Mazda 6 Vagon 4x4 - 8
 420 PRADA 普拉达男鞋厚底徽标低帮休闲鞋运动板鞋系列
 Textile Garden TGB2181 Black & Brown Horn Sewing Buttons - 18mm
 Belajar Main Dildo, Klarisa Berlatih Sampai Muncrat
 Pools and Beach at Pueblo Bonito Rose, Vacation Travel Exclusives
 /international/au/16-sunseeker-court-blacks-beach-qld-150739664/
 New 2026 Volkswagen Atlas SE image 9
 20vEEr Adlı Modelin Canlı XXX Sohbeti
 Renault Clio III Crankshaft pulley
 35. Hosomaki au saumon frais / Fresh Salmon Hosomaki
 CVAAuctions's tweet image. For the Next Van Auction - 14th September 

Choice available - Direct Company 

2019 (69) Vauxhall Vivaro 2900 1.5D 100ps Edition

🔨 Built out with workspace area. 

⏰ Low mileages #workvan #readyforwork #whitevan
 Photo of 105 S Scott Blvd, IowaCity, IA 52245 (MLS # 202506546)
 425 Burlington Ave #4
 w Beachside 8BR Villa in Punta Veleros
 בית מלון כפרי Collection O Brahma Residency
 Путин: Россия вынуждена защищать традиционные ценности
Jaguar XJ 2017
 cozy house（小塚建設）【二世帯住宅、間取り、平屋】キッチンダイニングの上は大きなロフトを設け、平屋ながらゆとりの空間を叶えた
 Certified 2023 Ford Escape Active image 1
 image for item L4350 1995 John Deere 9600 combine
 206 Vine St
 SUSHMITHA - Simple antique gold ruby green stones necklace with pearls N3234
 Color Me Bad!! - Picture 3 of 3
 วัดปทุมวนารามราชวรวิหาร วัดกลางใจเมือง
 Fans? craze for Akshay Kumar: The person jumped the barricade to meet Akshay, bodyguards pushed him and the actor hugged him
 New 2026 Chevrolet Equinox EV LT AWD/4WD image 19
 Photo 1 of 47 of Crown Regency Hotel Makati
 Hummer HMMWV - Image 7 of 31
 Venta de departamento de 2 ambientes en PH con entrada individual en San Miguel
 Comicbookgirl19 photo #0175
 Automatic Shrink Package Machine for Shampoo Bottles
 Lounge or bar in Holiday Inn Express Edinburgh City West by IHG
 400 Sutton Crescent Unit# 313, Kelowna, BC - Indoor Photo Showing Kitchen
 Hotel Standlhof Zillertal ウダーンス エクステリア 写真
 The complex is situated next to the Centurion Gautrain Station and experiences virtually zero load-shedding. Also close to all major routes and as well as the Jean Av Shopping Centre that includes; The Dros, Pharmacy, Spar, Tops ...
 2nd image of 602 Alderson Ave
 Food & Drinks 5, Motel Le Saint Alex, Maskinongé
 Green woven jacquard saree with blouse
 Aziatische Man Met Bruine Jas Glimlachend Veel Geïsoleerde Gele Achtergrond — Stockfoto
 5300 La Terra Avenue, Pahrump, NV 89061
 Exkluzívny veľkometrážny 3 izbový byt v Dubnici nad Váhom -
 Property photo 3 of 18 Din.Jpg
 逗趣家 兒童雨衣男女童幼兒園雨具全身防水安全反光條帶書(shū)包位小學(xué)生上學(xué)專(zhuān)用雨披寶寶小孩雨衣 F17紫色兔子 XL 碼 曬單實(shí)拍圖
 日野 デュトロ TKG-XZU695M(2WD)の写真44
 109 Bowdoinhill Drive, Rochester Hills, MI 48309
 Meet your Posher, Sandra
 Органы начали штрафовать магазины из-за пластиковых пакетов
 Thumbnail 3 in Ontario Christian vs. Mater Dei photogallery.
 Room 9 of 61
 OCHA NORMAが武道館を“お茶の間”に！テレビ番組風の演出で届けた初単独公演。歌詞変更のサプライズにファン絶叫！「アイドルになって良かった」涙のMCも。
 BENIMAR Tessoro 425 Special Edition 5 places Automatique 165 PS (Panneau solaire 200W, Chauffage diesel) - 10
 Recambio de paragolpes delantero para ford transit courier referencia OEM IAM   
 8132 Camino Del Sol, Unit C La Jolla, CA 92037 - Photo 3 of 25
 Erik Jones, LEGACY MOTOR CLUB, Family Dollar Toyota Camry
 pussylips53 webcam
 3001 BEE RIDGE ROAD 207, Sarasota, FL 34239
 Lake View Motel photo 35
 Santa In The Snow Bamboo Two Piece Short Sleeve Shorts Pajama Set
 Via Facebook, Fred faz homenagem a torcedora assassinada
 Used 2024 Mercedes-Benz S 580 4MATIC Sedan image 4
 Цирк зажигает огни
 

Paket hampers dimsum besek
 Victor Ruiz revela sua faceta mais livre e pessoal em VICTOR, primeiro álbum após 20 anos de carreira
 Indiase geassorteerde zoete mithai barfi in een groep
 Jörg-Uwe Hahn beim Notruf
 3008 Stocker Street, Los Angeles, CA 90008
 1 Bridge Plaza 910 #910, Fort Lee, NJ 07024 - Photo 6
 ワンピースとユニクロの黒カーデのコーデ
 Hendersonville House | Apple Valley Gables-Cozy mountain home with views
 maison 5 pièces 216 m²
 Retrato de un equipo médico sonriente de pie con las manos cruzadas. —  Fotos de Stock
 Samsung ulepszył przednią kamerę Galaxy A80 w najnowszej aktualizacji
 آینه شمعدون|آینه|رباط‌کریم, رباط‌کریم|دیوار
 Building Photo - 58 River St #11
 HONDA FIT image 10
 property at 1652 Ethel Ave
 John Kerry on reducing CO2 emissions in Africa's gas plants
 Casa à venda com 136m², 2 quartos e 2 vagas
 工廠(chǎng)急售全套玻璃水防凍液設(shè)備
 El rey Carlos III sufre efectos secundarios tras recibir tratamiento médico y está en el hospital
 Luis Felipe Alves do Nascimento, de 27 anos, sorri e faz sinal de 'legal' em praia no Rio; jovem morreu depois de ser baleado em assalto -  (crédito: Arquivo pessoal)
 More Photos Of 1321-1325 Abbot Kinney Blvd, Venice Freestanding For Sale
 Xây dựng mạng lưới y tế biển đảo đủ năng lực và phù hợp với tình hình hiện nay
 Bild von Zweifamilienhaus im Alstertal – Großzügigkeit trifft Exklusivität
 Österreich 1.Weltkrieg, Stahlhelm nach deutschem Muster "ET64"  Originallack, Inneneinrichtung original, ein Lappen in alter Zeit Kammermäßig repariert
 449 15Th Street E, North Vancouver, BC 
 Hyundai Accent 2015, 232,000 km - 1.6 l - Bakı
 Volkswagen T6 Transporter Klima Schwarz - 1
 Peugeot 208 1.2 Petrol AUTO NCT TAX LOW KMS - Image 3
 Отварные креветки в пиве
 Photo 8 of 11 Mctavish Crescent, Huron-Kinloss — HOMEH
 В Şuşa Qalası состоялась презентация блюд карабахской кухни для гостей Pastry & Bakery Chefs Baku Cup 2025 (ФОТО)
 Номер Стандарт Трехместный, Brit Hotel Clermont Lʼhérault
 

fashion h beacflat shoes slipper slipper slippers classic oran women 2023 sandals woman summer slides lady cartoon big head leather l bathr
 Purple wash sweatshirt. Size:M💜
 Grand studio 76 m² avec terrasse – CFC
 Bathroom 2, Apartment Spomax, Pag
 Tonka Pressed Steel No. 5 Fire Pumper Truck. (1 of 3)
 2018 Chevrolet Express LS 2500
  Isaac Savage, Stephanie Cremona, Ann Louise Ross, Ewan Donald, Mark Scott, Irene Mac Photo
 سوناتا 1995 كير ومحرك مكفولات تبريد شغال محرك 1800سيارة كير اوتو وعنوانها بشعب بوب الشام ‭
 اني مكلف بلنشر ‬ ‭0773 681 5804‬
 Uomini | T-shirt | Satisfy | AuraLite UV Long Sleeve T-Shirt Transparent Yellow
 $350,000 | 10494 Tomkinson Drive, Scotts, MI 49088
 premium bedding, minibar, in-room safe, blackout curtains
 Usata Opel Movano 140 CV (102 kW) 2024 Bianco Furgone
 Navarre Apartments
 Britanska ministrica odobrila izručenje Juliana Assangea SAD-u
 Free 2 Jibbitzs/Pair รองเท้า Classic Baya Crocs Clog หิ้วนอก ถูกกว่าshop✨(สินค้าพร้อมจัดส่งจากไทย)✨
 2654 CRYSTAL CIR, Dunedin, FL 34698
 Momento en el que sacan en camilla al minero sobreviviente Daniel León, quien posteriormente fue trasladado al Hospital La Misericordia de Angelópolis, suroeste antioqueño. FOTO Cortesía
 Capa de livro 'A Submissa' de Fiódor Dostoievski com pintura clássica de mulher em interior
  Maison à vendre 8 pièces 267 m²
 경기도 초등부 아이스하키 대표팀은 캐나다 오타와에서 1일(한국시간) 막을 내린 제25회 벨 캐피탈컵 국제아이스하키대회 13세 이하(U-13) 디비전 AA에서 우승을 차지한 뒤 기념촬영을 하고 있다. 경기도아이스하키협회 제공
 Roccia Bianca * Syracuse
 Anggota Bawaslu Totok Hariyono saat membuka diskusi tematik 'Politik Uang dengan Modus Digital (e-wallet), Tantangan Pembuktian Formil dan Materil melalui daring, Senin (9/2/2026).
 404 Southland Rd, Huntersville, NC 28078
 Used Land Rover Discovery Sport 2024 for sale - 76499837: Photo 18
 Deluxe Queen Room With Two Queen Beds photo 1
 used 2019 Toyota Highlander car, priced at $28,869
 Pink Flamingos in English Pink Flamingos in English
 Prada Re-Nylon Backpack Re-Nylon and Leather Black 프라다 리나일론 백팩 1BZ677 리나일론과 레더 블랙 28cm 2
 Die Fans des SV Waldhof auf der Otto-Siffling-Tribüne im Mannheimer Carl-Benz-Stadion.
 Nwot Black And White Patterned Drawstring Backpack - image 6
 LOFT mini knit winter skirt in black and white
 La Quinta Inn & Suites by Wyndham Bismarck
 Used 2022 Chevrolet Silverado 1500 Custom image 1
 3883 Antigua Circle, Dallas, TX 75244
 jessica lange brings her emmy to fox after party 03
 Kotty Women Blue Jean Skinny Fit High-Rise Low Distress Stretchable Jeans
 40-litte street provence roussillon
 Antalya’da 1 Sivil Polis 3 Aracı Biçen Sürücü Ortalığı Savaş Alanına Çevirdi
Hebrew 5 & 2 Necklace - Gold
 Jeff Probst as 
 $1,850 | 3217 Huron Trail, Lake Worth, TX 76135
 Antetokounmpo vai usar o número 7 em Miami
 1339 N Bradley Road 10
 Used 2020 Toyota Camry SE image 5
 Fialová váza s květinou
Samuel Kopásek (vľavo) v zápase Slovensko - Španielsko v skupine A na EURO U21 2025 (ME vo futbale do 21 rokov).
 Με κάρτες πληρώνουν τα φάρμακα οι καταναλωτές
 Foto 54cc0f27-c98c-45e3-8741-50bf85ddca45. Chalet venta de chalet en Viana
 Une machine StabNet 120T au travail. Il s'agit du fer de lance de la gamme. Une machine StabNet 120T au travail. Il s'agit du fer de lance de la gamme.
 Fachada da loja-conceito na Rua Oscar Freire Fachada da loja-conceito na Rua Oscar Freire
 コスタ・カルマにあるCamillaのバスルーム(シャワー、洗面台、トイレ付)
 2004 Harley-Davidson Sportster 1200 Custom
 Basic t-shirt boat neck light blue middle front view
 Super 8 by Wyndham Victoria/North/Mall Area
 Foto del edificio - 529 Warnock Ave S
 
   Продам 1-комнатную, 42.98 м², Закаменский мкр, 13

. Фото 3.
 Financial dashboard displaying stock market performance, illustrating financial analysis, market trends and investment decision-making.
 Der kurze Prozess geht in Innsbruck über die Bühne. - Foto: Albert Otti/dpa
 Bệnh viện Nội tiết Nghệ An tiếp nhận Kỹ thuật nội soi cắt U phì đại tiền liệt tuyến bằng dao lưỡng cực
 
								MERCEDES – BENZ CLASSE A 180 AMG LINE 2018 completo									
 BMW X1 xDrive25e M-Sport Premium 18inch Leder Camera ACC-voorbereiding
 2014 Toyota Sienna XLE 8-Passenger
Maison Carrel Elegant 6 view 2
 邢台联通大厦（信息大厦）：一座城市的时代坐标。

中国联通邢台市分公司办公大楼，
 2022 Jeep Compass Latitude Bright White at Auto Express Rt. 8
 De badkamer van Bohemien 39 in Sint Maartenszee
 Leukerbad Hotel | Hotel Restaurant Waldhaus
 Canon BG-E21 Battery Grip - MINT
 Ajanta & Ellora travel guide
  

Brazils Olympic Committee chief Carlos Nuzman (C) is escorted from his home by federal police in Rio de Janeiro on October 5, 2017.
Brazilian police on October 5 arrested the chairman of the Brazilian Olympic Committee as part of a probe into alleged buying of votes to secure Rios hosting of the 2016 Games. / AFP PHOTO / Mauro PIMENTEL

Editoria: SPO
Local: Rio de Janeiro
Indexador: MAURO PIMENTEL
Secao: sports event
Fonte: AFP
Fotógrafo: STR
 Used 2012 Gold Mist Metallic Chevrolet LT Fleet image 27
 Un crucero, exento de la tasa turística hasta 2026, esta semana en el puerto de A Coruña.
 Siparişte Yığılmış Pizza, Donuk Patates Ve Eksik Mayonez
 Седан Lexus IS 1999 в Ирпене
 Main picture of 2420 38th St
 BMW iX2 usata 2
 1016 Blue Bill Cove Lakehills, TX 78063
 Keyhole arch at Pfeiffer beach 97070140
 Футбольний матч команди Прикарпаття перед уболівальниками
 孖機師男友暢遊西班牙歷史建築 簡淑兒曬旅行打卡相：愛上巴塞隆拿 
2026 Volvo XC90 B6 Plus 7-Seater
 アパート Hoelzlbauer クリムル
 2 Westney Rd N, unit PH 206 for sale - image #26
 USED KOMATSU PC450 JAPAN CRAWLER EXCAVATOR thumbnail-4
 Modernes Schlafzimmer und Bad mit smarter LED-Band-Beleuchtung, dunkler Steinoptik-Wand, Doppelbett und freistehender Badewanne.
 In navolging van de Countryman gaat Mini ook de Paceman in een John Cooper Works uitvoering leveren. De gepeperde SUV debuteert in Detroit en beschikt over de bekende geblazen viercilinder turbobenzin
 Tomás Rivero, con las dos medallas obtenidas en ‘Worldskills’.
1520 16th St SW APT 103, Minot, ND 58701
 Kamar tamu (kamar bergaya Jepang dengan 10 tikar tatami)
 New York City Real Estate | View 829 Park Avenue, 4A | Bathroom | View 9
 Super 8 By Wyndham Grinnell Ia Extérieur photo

What is required: Repeat exactly the lines of the listing above, from the one with "Recambio de paragolpes" down to the one with "Lake View Motel photo 35"; both of those lines belong in the range.

Written response:
 Recambio de paragolpes delantero para ford transit courier referencia OEM IAM   
 8132 Camino Del Sol, Unit C La Jolla, CA 92037 - Photo 3 of 25
 Erik Jones, LEGACY MOTOR CLUB, Family Dollar Toyota Camry
 pussylips53 webcam
 3001 BEE RIDGE ROAD 207, Sarasota, FL 34239
 Lake View Motel photo 35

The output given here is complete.